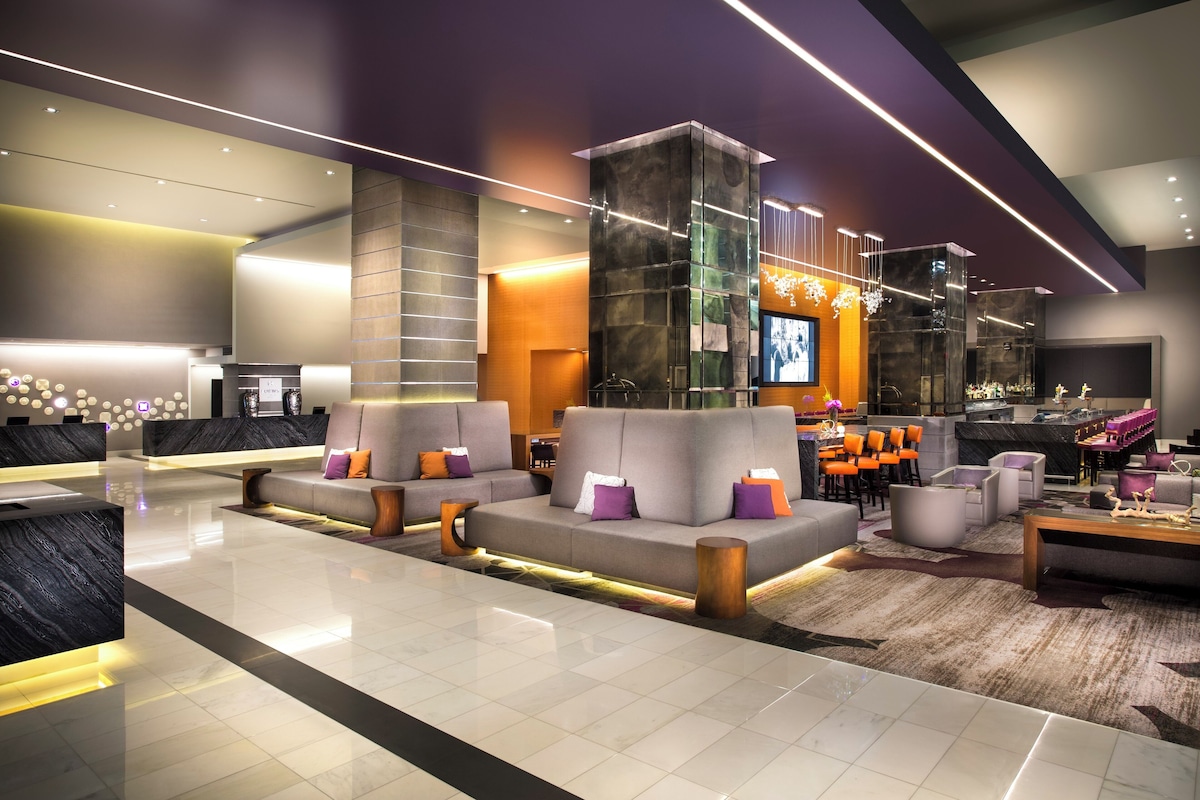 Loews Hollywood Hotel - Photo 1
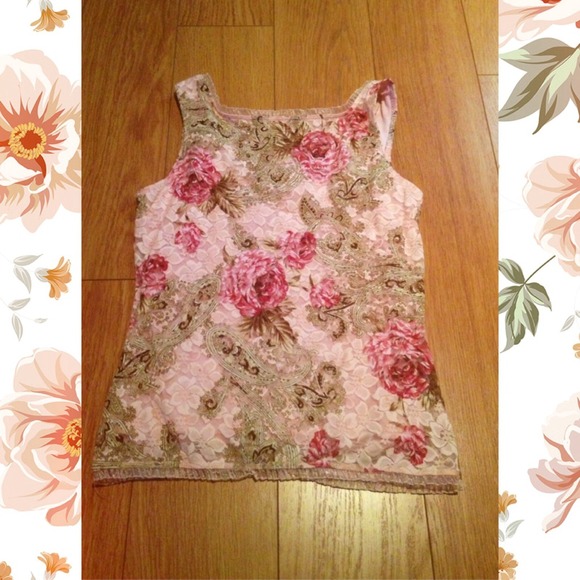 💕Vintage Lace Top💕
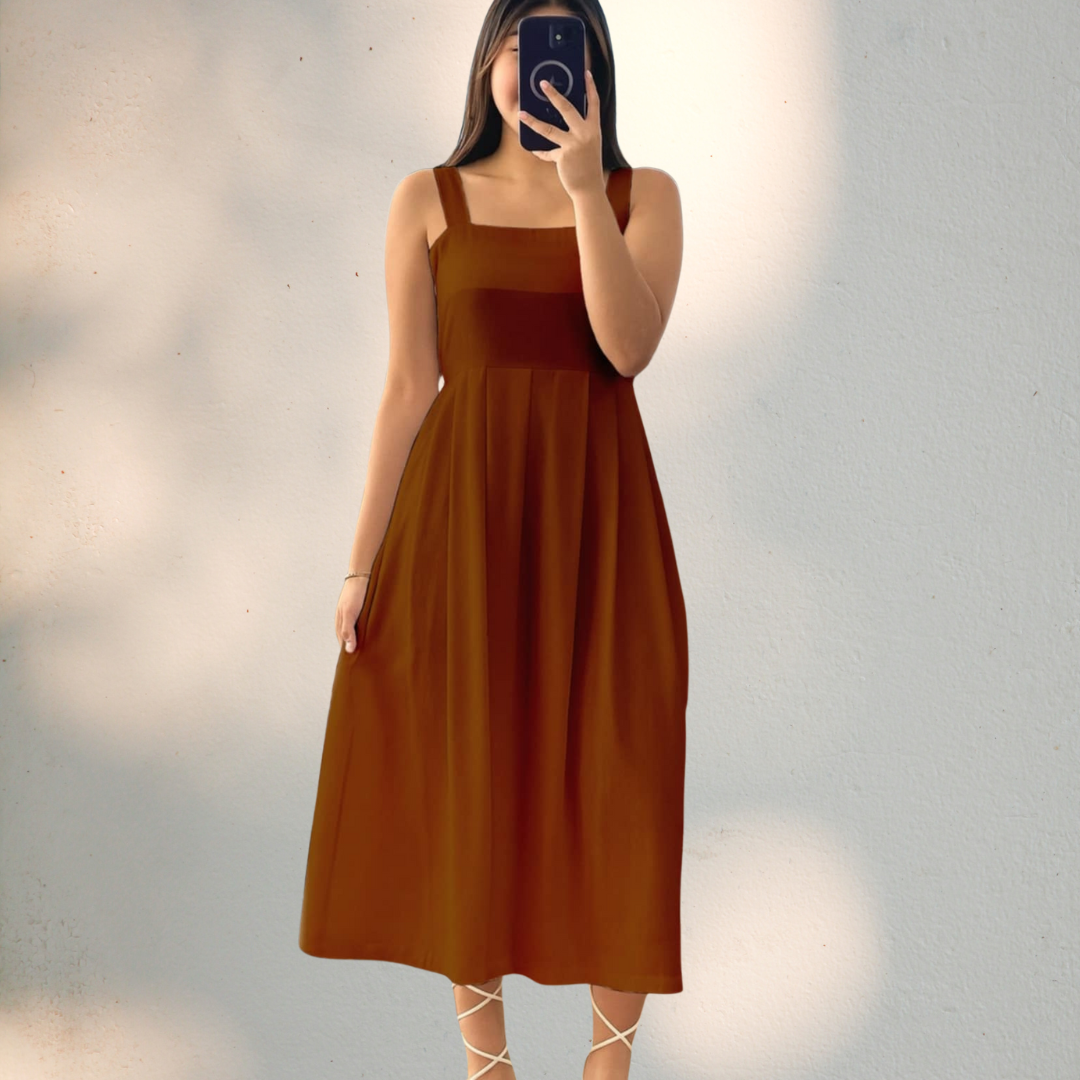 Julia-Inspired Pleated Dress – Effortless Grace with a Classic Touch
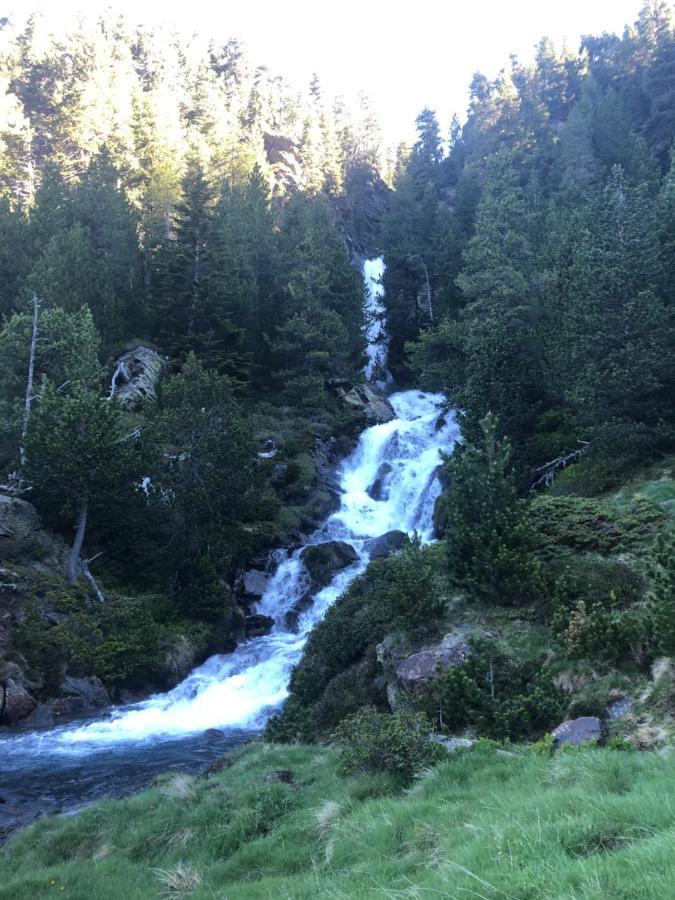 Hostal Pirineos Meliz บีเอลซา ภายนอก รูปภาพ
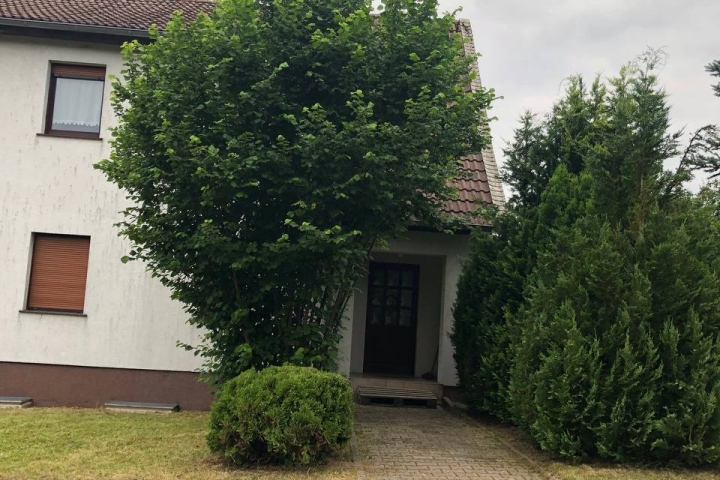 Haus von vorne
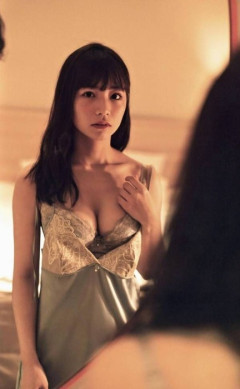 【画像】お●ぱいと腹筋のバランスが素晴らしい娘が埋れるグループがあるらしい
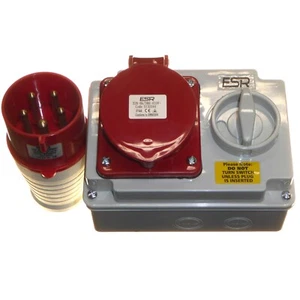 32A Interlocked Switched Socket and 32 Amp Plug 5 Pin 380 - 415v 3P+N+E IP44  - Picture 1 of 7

==*==

Task to carry out —
Word for word, set down every line of the records above, and leave the pictures out.

Written response —
 Loews Hollywood Hotel - Photo 1
 💕Vintage Lace Top💕
 Julia-Inspired Pleated Dress – Effortless Grace with a Classic Touch
 Hostal Pirineos Meliz บีเอลซา ภายนอก รูปภาพ
 Haus von vorne
 【画像】お●ぱいと腹筋のバランスが素晴らしい娘が埋れるグループがあるらしい
 32A Interlocked Switched Socket and 32 Amp Plug 5 Pin 380 - 415v 3P+N+E IP44  - Picture 1 of 7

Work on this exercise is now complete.